RECORDS FOR THIS EXERCISE section start

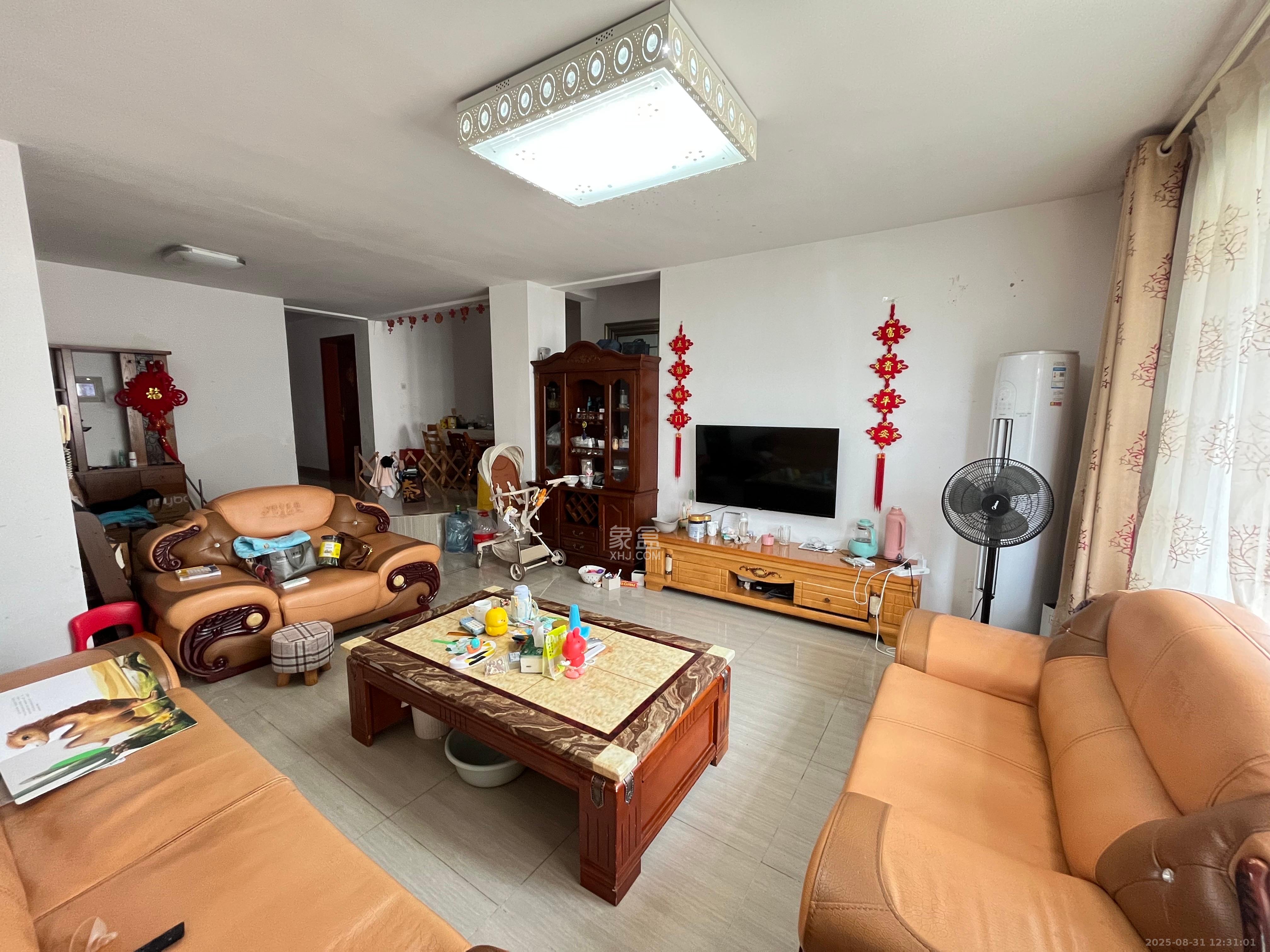 中江国际花城 3室2厅1卫 3400.0元/月 中江国际花城 3室2厅1卫 3400.0元/月室内图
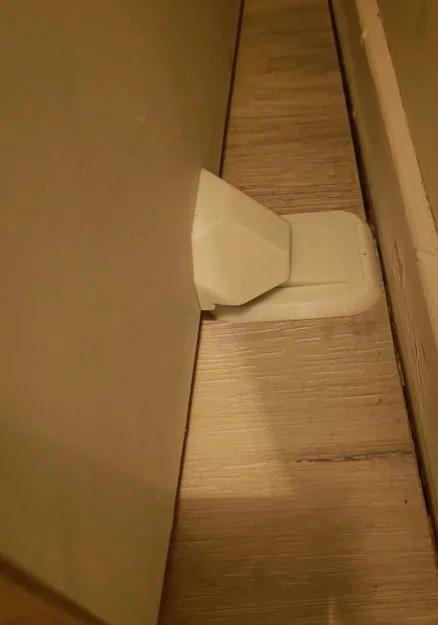 Chặn cửa / chốt cửa nam châm (Magnetic doorstopper / latch) - Image 1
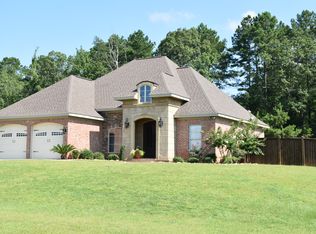 732 Wildwood Dr, Meridian, MS 39301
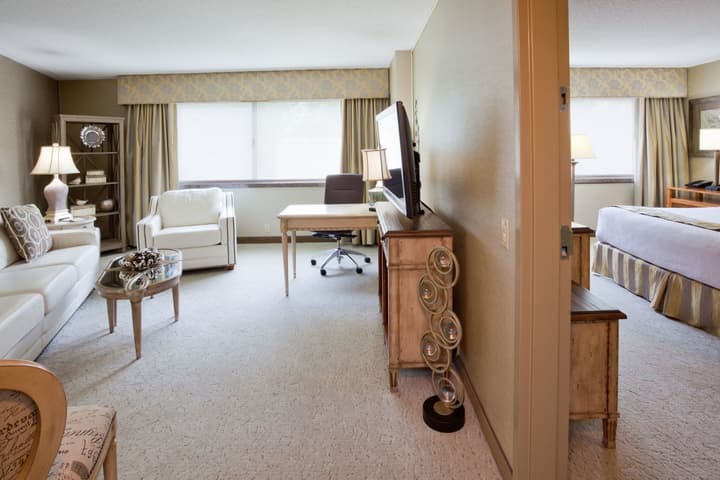 Crowne Plaza Minneapolis West by IHG
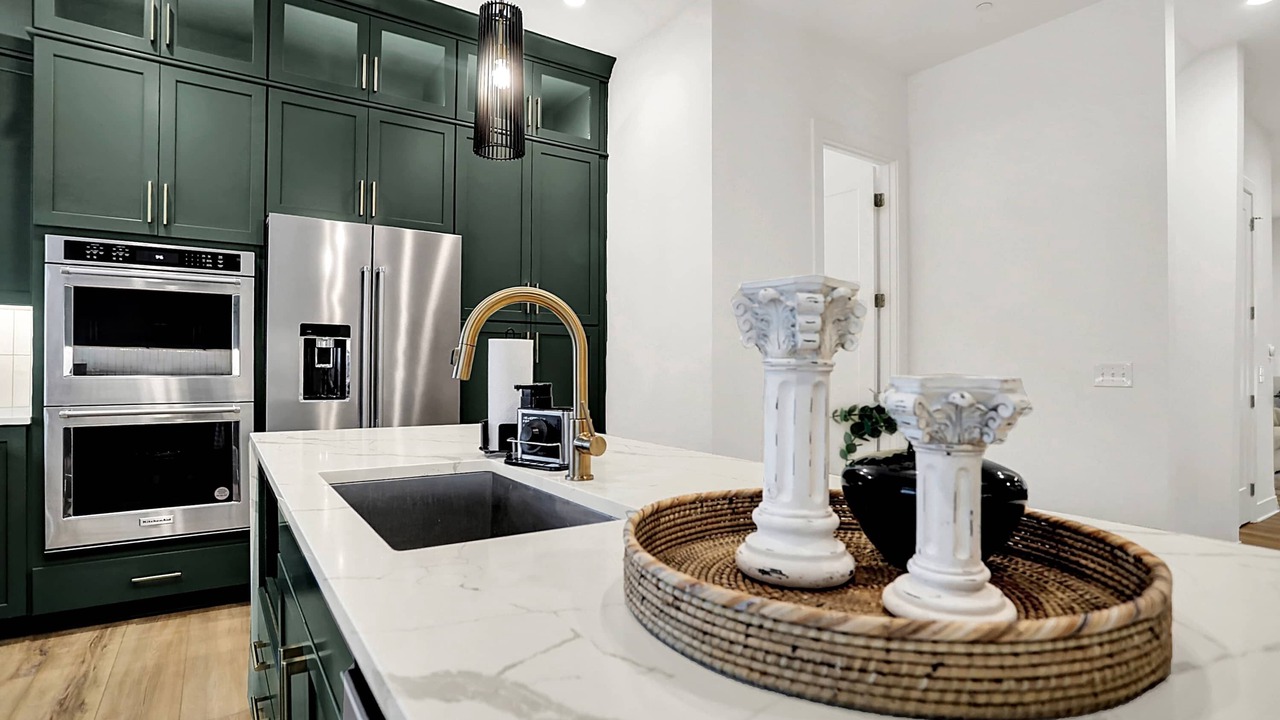 Photo of Kitchen in Lockerbie Square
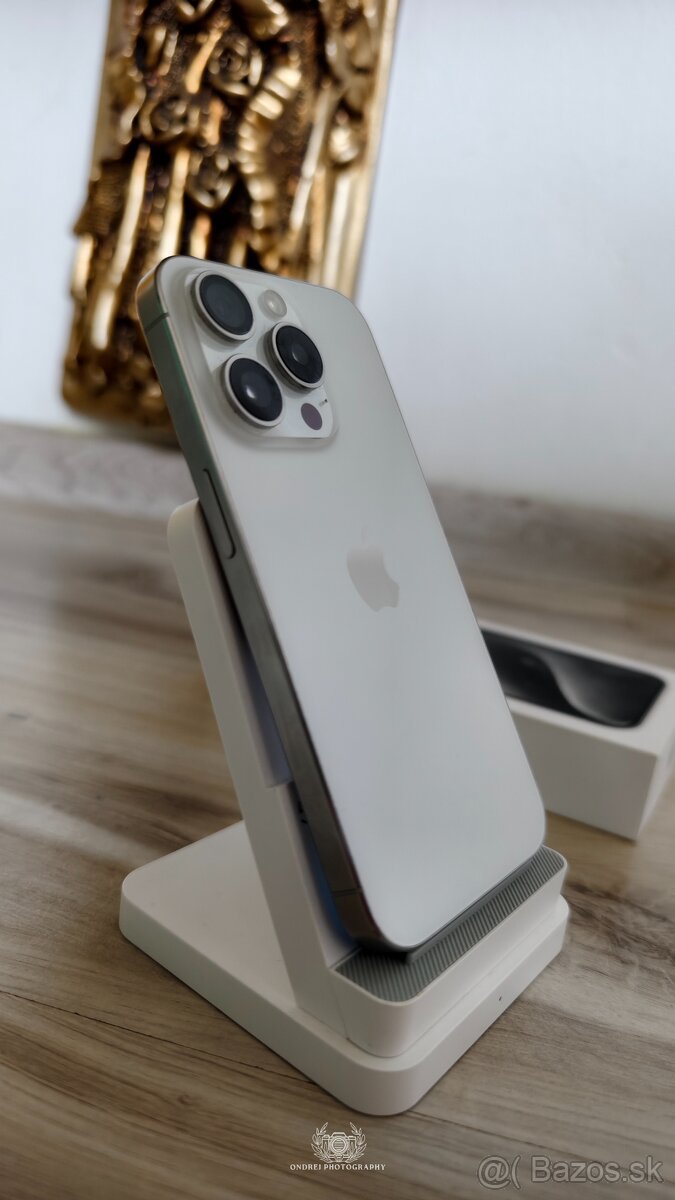 Iphone 15 Pro white titanium 🤍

RECORDS FOR THIS EXERCISE section end

### DESCRIPTION OF THE TASK
Restate each entry word for word; omit the pictures.

### TASK RESPONSE
 中江国际花城 3室2厅1卫 3400.0元/月 中江国际花城 3室2厅1卫 3400.0元/月室内图
 Chặn cửa / chốt cửa nam châm (Magnetic doorstopper / latch) - Image 1
 732 Wildwood Dr, Meridian, MS 39301
 Crowne Plaza Minneapolis West by IHG
 Photo of Kitchen in Lockerbie Square
 Iphone 15 Pro white titanium 🤍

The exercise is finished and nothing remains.